Balkans Autumn Crocus
"Crocus blooming neath my feet,
-St. Therese of Lisieux
Crocus pulchellus is a vigorous autumn crocus which naturalizes easily, producing numerous bulblets all around the parent corm to increase its numbers with surprising speed year by year.
It likes best full sun, but will tolerate light shade. The first three photos are from October 2003; the fourth from mid-October 2004; the fifth photo from late October 2005.
We planted about thirty bulbs at the base of a cherry tree that has dropped in the vicinity of half of its leaves by the time this crocus starts blooming, which lets in sufficient bright light that the blooms do open fully in the afternoon. They would open sooner in the day if they got direct sunlight earlier, but the house shadows them in the morning.
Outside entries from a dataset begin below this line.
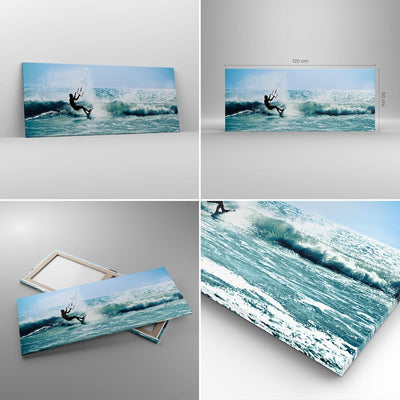 Wandbilder Dekoration Wohnzimmer Drachen-Surfen Wasser Ozean Panorama Bilder auf Leinwand 120x50cm L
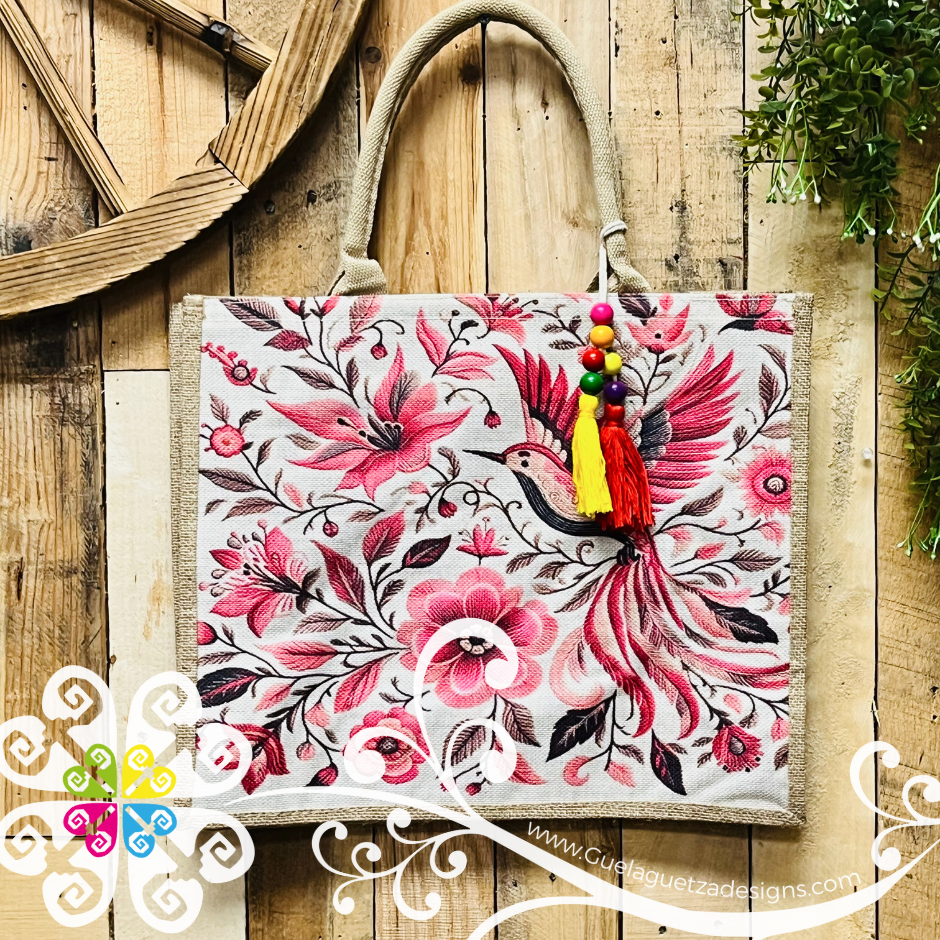 Hummingbird Mexican Jute Tote - Grocery Tote
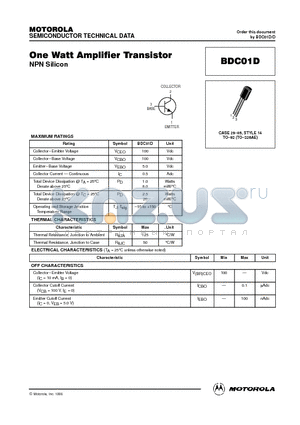 BDC01D datasheet - One Watt Amplifier Transistor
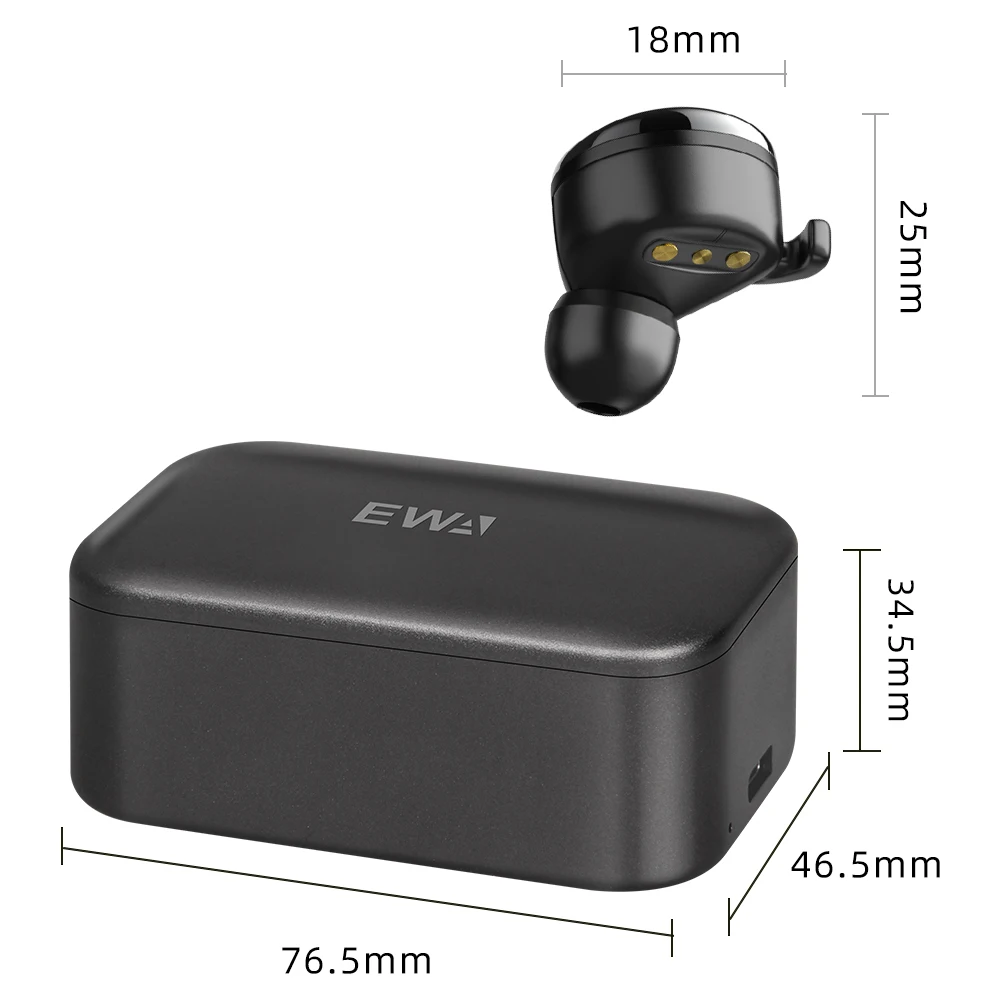 EWA, беспроводные наушники, 3D стерео, высокое качество звука, Bluetooth 5,0, наушники, большая емкость, батарея, гарнитура T200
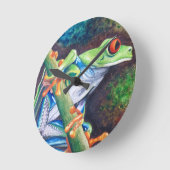 Rot-mit Augen Frosch-Uhr Runde Wanduhr (Winkel)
On overcast days they fall on their sides & look most untidy, but stand up straight & sturdy when the sun hits them, hence a lot stronger-stemmed than most other autumn crocuses.
Native of Macedonia, Serbia, southern Bulgaria & northern Greece, it is commonest in Northwest Turkey & the Balkans.
It grows four to six inches tall. Subtle, pale lilac flowers with purple veins occur mainly in October, often still showing in November. Its crocus grass does not appear until early spring before the cherry tree is fully leafed, so the grassy leaves will get enough light to recharge & reproduce the corms before the cherry releafs & casts it into shadow.
The blooms in an ideal year can be very long lasting, up to or somewhat longer than six weeks, & a couple flowers may still be present up to the first week in December in our temperate garden.
However, they are, alas, easily beaten down by the rain, so while in some years they may show themselves to good advantage for three to six weeks, in other years a good storm can batter them to bits right away.
That's just one of the chances one takes for crocuses whether autumn or spring varieties. Having a maximum range of varieties that open in different weeks & months increases the probability of a fine showing for some in some years, others in other years.
To keep a hard rain can ruin them prematurely, an attempt can be made to locate them in a protected area. That's how ours got placed between the house & a cherry tree, though I often think I should've placed them in a more exposed area so that the blooms morning or afternoon would be struck by sunlight whenever there's a rare sunny autumn day.
There is yellow deep in the throat, with three snow-white & three orange anthers. Though it resembles the more commonly offered autumn-blooming C. speciosus, it is a much paler color & has a stronger shorter tube, so is not nearly as flop-over prone, though it is best to grow it through a groundcover that will prop up the blooms just in case. C. speciosus also lacks the snow-white anthers, so they're easily told apart.
Sadly, much of the stocks available from importers who get their bulbs from Holland are hybridized with C. speciosus so that most often C. pulchellus corms will produce blossoms indistinguishable from C. speciosus in appearance & share the tip-over behavior.
It is therefore wise to assume they need a somewhat dense groundcover to hold them up. If one does end up with non-hybridized wild form of C. pulchellus, it will be a sturdier, smaller sized, delicately veined crocus, very distinct from its close relative with which it too easily crossbreeds to its detriment. Ours came from Odyssey Bulbs are obviously not at all hybridized.
Ours luckily turned out to be the real thing, because obtained from the reliable Odyssey Bulbs. But at the other end of the garden is a big drift of C. speciosus, which probably means that as our Balkan species naturalizes, only the corms will reproduce cormlets that grow true to the parents, while any that self-seed will likely possess hybridized intermediate traits, usually of a darker blue, with taller stems, & floppier.
As a broad generality with exceptions, autumn-blooming crocuses (despite being of many species) do not have a broad range of colors. Blue or blue-violet is about the extent of it, though C. niveus & a couple others are white, & many of the blue species have white forms.
Even though C. pulchellus is in that "usual" category of blue-violet, I find that it stands out dramatically by its exceedingly pale & rather luminous look. In our drift, two corms produced pure white flowers, such as are often sold separately as 'Albus.'
It wants organically rich soil well-draining but moist in autumn through early spring, drier late spring & summer. It is fairly forgiving & easy to grow, one of the autumn bloomers that is most certain to self-seed & spread about.